Wie verschieden war dieser Brief von dem früheren! Vielleicht war er nicht so gut geschrieben; denn wenn man um Verzeihung bittet, zeigt man nie so viel Geist, als wenn man verwundet, und der Stil der Liebe ist nicht halb so ergreifend, wie die Sprache der Entrüstung.

Doch genug, der Friede war geschlossen und ihr Verhältnis wurde nach dem Streit desto inniger. Um ihn nach diesem tiefen Mißtrauen vollends zu beruhigen, trug Lady Chesterfield gegen den Nebenbuhler häufig Nichtachtung und gegen den Gemahl wahren Abscheu zur Schau.

Seine dadurch gewonnene Zuversicht ging so weit, daß er ihr gestattete, dem Herzog vor der Welt scheinbare Gunstbeweise zu geben, um ihr wahres Verhältnis zu maskieren. So wurde denn sein Herz durch nichts gequält, als durch die Sehnsucht, eine günstige Gelegenheit zur Krönung seiner Wünsche zu finden. Die Herbeiführung der Stunde schien ihm nur von ihr abzuhängen. Durch Aufzählung von Hindernissen, die sie angeblich durch seine Gewandtheit gern beseitigt zu sehen wünschte, wußte sie das Ziel hinauszuschieben.

Das stopfte ihm den Mund; während er nun mit Eifer an der Überwindung der Schwierigkeiten arbeitete und sich im stillen wunderte, wie zwei für einander fühlende, vollkommen einverstandene Wesen nicht über bloße Wünsche hinauskämen, ließ das Schicksal ein Ereignis eintreten, das ihm nicht länger gestattete, am Glück seines Rivalen und der Untreue seiner Geliebten zu zweifeln.
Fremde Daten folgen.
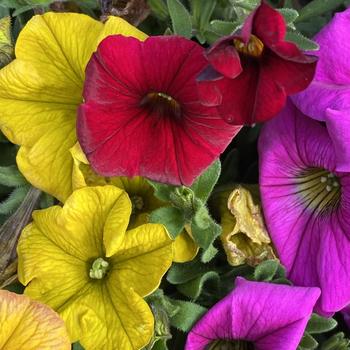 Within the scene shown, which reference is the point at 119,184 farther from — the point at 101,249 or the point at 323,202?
the point at 323,202

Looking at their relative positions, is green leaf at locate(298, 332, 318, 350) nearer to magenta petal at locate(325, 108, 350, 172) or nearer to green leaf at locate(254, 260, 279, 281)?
green leaf at locate(254, 260, 279, 281)

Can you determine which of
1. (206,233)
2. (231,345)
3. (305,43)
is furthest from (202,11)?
(231,345)

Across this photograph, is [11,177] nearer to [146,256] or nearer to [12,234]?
[12,234]

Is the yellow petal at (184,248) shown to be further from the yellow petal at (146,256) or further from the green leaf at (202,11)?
→ the green leaf at (202,11)

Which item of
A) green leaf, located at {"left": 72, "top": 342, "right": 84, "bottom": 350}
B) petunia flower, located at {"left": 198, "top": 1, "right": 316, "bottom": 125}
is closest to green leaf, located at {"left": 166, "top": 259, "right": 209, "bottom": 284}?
green leaf, located at {"left": 72, "top": 342, "right": 84, "bottom": 350}

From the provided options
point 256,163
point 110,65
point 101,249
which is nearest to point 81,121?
point 110,65

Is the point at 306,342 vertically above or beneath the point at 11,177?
beneath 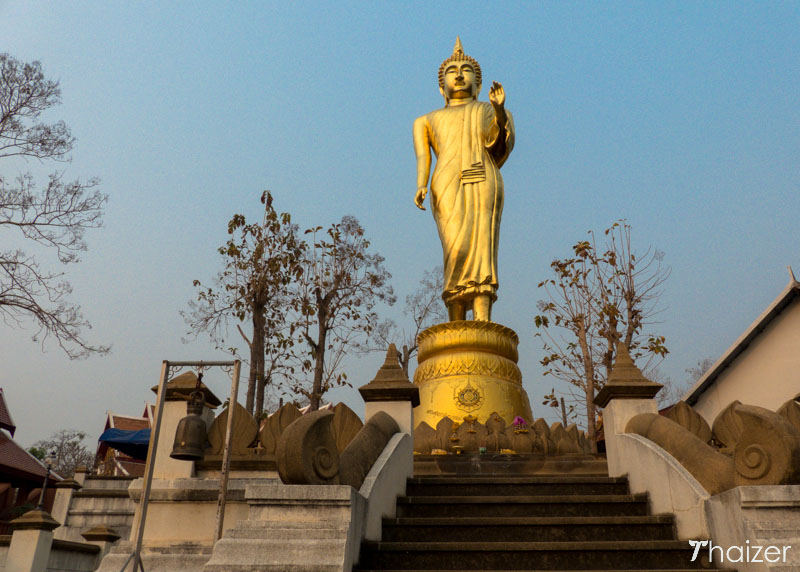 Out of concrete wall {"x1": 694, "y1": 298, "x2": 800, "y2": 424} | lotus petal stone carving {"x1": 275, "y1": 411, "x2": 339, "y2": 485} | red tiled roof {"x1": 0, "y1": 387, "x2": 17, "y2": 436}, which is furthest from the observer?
red tiled roof {"x1": 0, "y1": 387, "x2": 17, "y2": 436}

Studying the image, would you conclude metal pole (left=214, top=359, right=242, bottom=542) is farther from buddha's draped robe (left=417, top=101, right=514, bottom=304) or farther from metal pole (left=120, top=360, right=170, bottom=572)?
buddha's draped robe (left=417, top=101, right=514, bottom=304)

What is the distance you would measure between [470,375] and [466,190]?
4.34 metres

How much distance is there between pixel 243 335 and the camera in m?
18.0

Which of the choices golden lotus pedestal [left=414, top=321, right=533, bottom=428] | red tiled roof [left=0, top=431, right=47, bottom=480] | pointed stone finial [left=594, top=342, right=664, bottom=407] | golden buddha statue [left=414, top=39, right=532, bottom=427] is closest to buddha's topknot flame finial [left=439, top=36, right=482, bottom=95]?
golden buddha statue [left=414, top=39, right=532, bottom=427]

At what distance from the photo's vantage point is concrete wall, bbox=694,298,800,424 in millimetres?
15773

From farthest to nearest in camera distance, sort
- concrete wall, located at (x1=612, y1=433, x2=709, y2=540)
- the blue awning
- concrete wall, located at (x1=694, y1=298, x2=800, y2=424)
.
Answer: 1. the blue awning
2. concrete wall, located at (x1=694, y1=298, x2=800, y2=424)
3. concrete wall, located at (x1=612, y1=433, x2=709, y2=540)

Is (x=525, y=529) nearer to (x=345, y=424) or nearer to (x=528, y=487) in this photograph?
(x=528, y=487)

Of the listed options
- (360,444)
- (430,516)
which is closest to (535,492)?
(430,516)

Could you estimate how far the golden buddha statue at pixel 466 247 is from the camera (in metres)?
12.7

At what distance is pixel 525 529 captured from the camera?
18.8 ft

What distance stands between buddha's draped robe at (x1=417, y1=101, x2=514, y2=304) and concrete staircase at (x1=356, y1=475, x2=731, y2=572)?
24.9ft

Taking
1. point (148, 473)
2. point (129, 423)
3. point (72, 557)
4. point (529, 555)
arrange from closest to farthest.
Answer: point (529, 555) → point (148, 473) → point (72, 557) → point (129, 423)

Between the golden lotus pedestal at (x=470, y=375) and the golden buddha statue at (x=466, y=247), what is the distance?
0.02 metres

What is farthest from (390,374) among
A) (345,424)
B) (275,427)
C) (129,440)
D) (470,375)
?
(129,440) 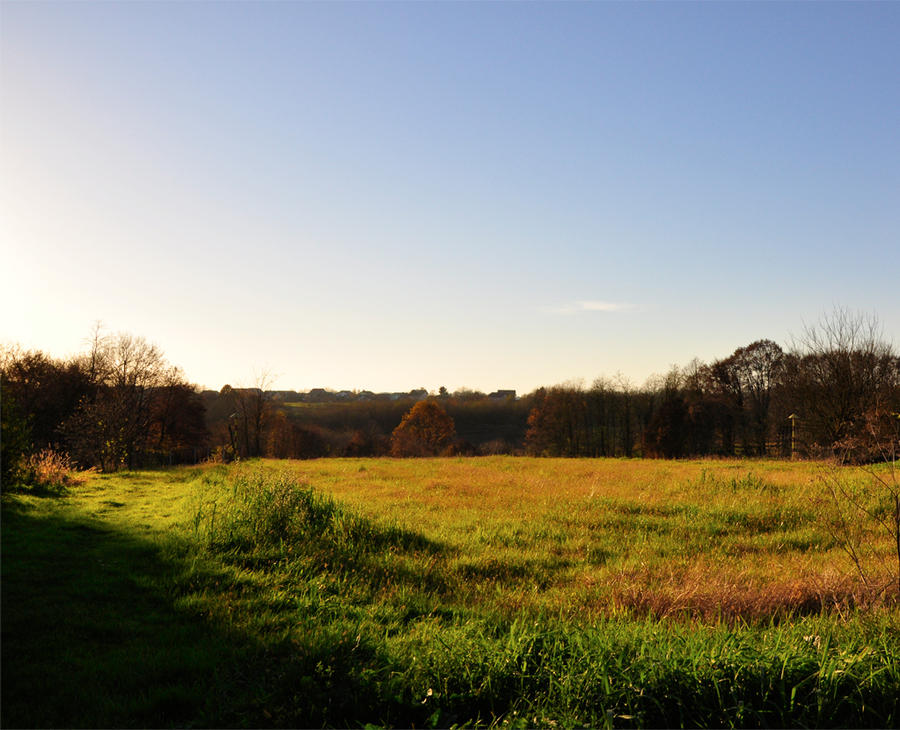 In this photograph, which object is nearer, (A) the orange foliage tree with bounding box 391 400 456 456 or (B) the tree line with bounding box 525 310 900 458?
(B) the tree line with bounding box 525 310 900 458

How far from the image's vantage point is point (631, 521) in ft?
40.6

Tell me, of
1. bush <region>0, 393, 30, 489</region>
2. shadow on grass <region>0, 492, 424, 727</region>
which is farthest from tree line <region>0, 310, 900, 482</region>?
shadow on grass <region>0, 492, 424, 727</region>

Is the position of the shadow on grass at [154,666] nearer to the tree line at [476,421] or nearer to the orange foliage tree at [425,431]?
the tree line at [476,421]

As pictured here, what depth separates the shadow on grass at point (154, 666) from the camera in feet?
13.1

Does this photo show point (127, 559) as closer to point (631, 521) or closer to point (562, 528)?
point (562, 528)

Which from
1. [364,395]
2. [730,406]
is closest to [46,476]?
[730,406]

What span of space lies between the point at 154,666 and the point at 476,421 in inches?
3389

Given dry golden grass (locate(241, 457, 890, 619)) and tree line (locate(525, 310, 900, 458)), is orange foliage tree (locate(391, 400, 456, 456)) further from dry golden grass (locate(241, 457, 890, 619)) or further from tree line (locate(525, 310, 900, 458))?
dry golden grass (locate(241, 457, 890, 619))

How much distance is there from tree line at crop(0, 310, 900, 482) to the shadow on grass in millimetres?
10475

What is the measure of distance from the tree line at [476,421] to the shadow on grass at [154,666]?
10475mm

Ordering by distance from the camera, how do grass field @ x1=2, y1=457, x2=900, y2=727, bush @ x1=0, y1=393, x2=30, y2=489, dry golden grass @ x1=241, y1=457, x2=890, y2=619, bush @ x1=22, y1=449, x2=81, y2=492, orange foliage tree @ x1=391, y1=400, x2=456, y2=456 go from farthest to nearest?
orange foliage tree @ x1=391, y1=400, x2=456, y2=456 → bush @ x1=22, y1=449, x2=81, y2=492 → bush @ x1=0, y1=393, x2=30, y2=489 → dry golden grass @ x1=241, y1=457, x2=890, y2=619 → grass field @ x1=2, y1=457, x2=900, y2=727

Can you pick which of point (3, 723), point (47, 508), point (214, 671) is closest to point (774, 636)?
point (214, 671)

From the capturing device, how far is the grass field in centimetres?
398

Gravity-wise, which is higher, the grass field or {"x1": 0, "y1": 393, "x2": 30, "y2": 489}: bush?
{"x1": 0, "y1": 393, "x2": 30, "y2": 489}: bush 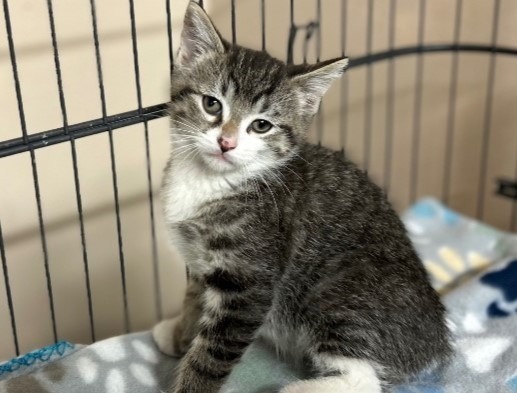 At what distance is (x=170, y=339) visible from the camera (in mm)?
1420

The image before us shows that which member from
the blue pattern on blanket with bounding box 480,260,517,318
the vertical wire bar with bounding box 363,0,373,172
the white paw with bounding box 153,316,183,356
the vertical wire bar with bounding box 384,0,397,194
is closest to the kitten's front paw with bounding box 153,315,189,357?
the white paw with bounding box 153,316,183,356

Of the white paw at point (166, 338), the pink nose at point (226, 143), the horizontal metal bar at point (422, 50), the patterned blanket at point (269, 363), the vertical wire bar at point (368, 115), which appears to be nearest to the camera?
the pink nose at point (226, 143)

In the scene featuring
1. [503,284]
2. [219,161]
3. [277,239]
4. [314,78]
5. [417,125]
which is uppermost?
[314,78]

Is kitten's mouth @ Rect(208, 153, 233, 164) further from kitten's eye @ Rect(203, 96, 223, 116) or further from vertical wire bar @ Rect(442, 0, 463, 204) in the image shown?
vertical wire bar @ Rect(442, 0, 463, 204)

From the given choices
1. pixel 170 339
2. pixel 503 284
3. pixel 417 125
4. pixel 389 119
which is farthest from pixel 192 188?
pixel 417 125

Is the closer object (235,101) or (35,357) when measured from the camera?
(235,101)

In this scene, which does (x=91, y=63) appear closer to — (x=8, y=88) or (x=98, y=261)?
(x=8, y=88)

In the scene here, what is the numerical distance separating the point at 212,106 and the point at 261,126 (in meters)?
0.10

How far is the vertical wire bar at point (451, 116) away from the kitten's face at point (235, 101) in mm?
1081

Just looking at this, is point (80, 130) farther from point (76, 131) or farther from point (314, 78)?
point (314, 78)

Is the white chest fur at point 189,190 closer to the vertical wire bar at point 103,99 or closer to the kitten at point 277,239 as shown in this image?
the kitten at point 277,239

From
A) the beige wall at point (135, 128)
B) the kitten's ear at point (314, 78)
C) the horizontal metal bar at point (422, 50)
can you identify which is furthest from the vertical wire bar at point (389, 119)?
the kitten's ear at point (314, 78)

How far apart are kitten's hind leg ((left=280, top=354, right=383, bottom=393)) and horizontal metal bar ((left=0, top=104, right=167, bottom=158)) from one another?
57 centimetres

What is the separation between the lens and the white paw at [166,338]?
1.41 meters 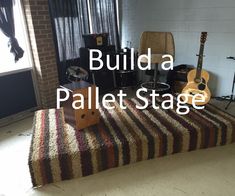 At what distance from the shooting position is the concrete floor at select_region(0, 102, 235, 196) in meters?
1.69

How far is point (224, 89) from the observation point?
326cm

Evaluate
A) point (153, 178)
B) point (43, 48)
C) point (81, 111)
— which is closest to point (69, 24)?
point (43, 48)

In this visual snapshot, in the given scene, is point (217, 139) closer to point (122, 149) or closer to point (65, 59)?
point (122, 149)

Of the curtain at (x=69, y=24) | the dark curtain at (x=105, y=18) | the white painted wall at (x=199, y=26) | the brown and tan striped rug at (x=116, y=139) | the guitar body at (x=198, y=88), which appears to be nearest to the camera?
the brown and tan striped rug at (x=116, y=139)

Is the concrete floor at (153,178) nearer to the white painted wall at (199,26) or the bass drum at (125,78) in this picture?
the white painted wall at (199,26)

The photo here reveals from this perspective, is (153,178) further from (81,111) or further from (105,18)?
(105,18)

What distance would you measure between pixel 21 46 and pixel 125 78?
1748mm

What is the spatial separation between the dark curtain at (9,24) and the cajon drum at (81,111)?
4.13ft

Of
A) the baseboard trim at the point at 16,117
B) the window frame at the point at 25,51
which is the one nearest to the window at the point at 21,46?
the window frame at the point at 25,51

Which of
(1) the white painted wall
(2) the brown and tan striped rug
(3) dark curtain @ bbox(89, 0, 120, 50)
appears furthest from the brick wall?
(1) the white painted wall

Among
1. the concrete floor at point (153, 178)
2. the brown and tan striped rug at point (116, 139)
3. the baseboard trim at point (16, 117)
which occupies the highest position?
the brown and tan striped rug at point (116, 139)

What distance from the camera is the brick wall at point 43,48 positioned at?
2.84 meters

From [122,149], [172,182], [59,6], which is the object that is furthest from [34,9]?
[172,182]

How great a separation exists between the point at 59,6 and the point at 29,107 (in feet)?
5.08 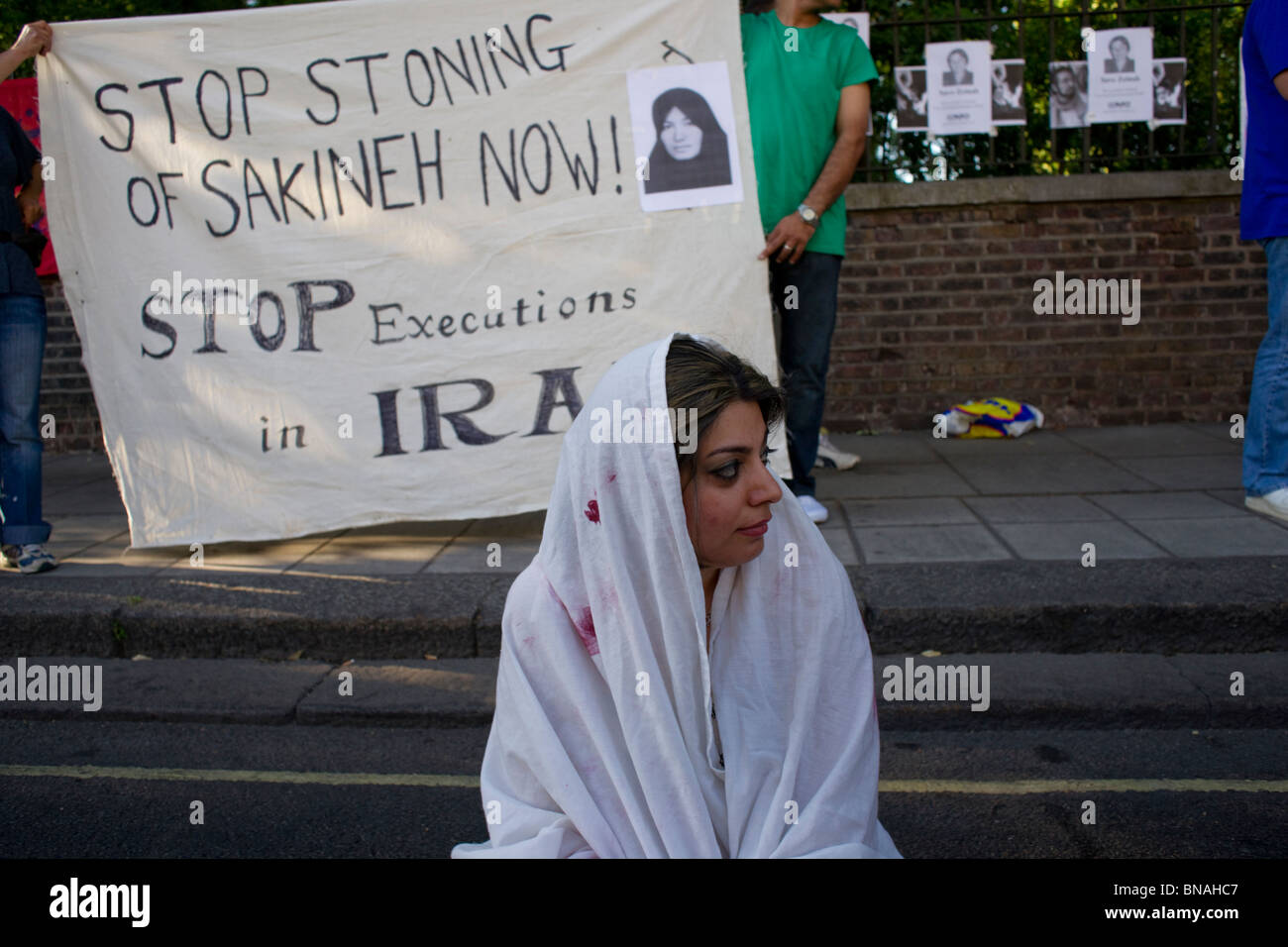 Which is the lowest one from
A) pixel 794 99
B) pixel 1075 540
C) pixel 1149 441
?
pixel 1149 441

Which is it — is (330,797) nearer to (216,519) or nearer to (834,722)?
(834,722)

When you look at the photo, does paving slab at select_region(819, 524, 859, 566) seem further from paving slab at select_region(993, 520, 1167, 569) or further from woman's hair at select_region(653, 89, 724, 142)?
woman's hair at select_region(653, 89, 724, 142)

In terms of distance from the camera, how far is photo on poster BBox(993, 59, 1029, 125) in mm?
7594

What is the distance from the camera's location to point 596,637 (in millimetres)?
1801

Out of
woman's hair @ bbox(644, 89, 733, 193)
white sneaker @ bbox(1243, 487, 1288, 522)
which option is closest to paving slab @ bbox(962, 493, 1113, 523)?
white sneaker @ bbox(1243, 487, 1288, 522)

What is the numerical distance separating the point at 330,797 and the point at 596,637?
5.99ft

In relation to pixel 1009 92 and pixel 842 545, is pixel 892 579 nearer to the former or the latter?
pixel 842 545

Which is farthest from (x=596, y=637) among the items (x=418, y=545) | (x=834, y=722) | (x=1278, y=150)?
(x=1278, y=150)

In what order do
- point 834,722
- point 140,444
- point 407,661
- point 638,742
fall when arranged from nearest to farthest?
point 638,742
point 834,722
point 407,661
point 140,444

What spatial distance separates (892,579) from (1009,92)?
4.63 metres

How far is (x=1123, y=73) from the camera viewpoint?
7.55 metres

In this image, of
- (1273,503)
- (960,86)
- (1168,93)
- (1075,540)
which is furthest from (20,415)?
(1168,93)

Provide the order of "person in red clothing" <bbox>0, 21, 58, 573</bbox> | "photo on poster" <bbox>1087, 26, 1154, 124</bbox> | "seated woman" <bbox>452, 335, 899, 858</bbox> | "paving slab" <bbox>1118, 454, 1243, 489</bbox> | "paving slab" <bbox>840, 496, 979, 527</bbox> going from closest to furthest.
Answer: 1. "seated woman" <bbox>452, 335, 899, 858</bbox>
2. "person in red clothing" <bbox>0, 21, 58, 573</bbox>
3. "paving slab" <bbox>840, 496, 979, 527</bbox>
4. "paving slab" <bbox>1118, 454, 1243, 489</bbox>
5. "photo on poster" <bbox>1087, 26, 1154, 124</bbox>

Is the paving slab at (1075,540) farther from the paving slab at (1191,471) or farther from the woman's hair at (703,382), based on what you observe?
the woman's hair at (703,382) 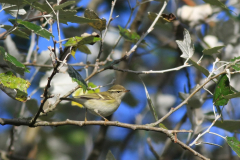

Wenn wir den Sturz unserer Hoffnungen am meisten fürchten, verschont uns häufig das Unglück; wenn wir aber am wenigsten Unheil erwarten oder verdienen, überfällt es uns meist zehnfach. Hamilton war mitten in der Abfassung des zärtlichsten, leidenschaftlichsten Schreibens an Lady Chesterfield, als ihr Gemahl eintrat, um ihm alle Einzelheiten seiner letzten Entdeckung mitzuteilen. Der Schreibende hatte gerade nur noch Zeit, den Liebesbrief unter anderen Papieren zu bergen, so eilig war der Lord ins Zimmer getreten. Herz und Kopf steckten dem Liebenden noch so voll von den an die Lady gerichteten Zeilen, daß ihr Gemahl mit seinen Anschuldigungen anfangs kalt aufgenommen wurde, überdies kam er in jeder Hinsicht ungelegen. Er mußte jedoch angehört werden und die erste Minute Aufmerksamkeit änderte alles. Hamilton machte große Augen, als er Züge ihrer grenzenlosen Unvorsichtigkeit vernahm, die ihm fast unglaublich schien.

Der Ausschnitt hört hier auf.